Nevertheless, the cardiologist consulted diagnosed early repolarization. The patient did not undergo immediate cath.
22 minutes later, another ECG was recorded:
Side by side comparison of leads II and III on the first two ECGs:
First troponin I returns + at 0.252 ng/ml.
191 minutes after first ECG:
Heparin drip started. CCU consulted. Admitted to CCU. Integrilin given. Not take directly to cath lab.
A second troponin returned at 1.71 ng/ml 3 hours later.
The patient was not taken to cath for another 6 hours after this last ECG. It showed a 99% stenosis in the RCA, and proximal to a posterolateral branch. A coronary aneurysm was found. TIMI flow not reported.

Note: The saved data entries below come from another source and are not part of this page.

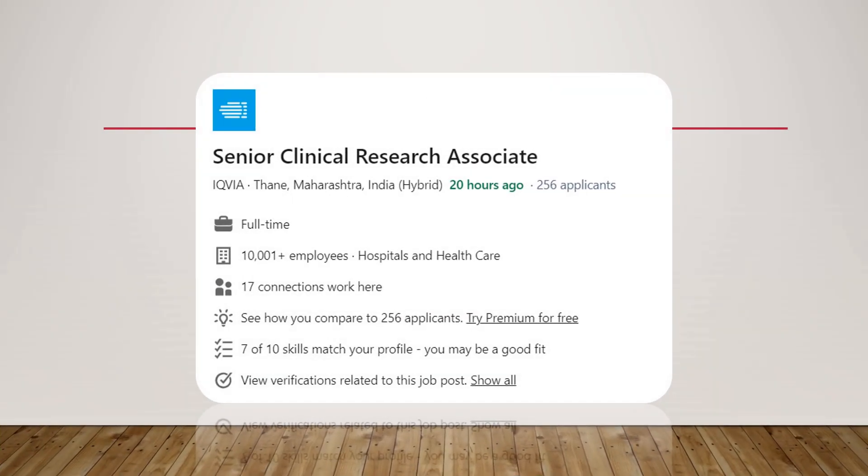Now for experienced professionals: if you're a CRA with more than five years of experience, you can apply for a Senior CRA position with one of the biggest companies in this industry — IQVIA, an MNC. Go ahead and apply if you have more than five years of clinical monitoring experience. This Senior CRA position is a rarity and can really help boost your career.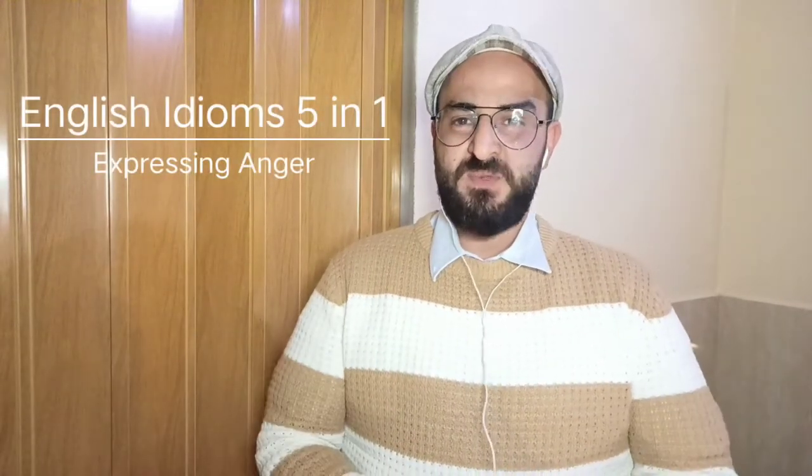Hello and welcome to English Idioms 5-in-1. In this short video we'll talk about five idioms you can use to express anger.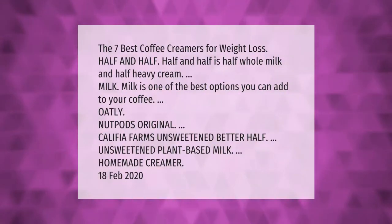The seven best coffee creamers for weight loss: half and half (which is half whole milk and half heavy cream), milk, Oatly, Nut Pods Original, Califia Farms Unsweetened Better Half, unsweetened plant-based milk, and homemade creamer.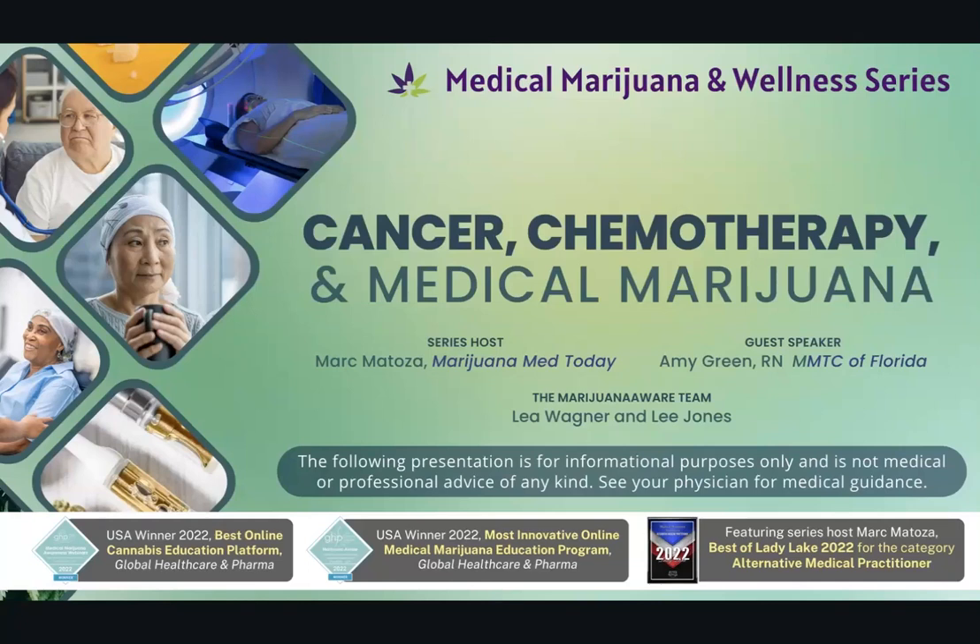Welcome to Medical Marijuana and Wellness. Today's topic is cancer, chemotherapy, and medical marijuana. Joining me today as guest speaker is Amy Green. Amy, you're an RN with MMTC. Please introduce yourself.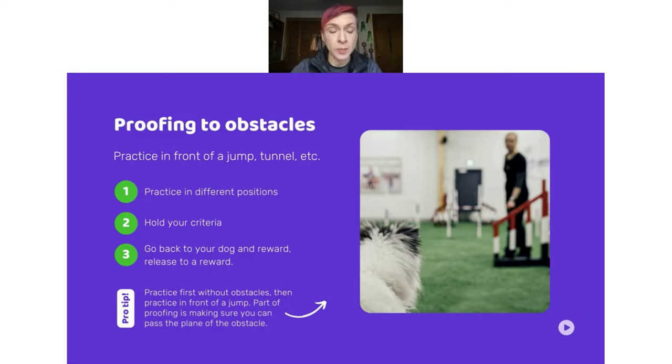Then we're going to start thinking about obstacles, because obstacles can be their own distractions. Dogs really love to go to obstacles, and sometimes when they see us lead out and pass the plane of the first obstacle, that can cause them to want to get up and start running. So we introduce the same exercise we were just doing on the flat, but now with obstacles around — being out past the plane of the obstacle, doing different motions like what looks like a force front cross or hand motions. Practice in different handler positions: leading out really far, doing a front cross. If they need a little review, lead out past the plane, go back and reward, lead out again, then release to a pre-placed reward or to the obstacle.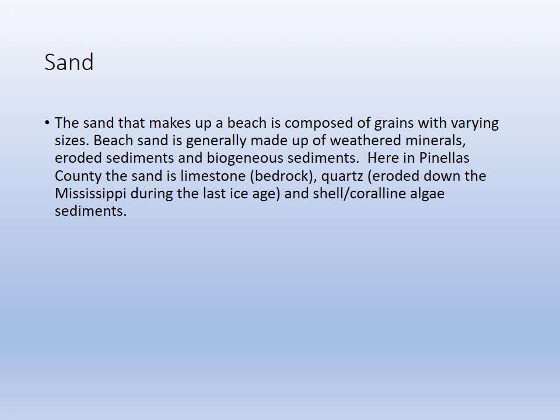The rack and the flotsam — like we said, that's the debris line. Sometimes it's organic: shells, wood, seaweed. Other times it's trash. It builds up between the foreshore and back shore.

Troponin I peaked at 75 ng/ml (A VERY large OMI)
Next ECG available - 2 week followup:
This ECG, and the very elevated troponin, strongly suggest that the artery re-occluded during the extra 6 hour delay.
Lessons:
1. Young people do have OMI
a. Some of these MIs in young people are due to anomolies: aneurysm from a disorder known to be associated with coronary aneurysms (left out to maintain anonymity) in this case. Young women, when they have OMI, often have coronary dissection.
b. Nevertheless, even young people have atherosclerosis and plaque rupture. We have seen many, such as this young woman. And young women have worse outcomes than other groups with STEMI because of the tendency to say, "Nah, couldn't be!"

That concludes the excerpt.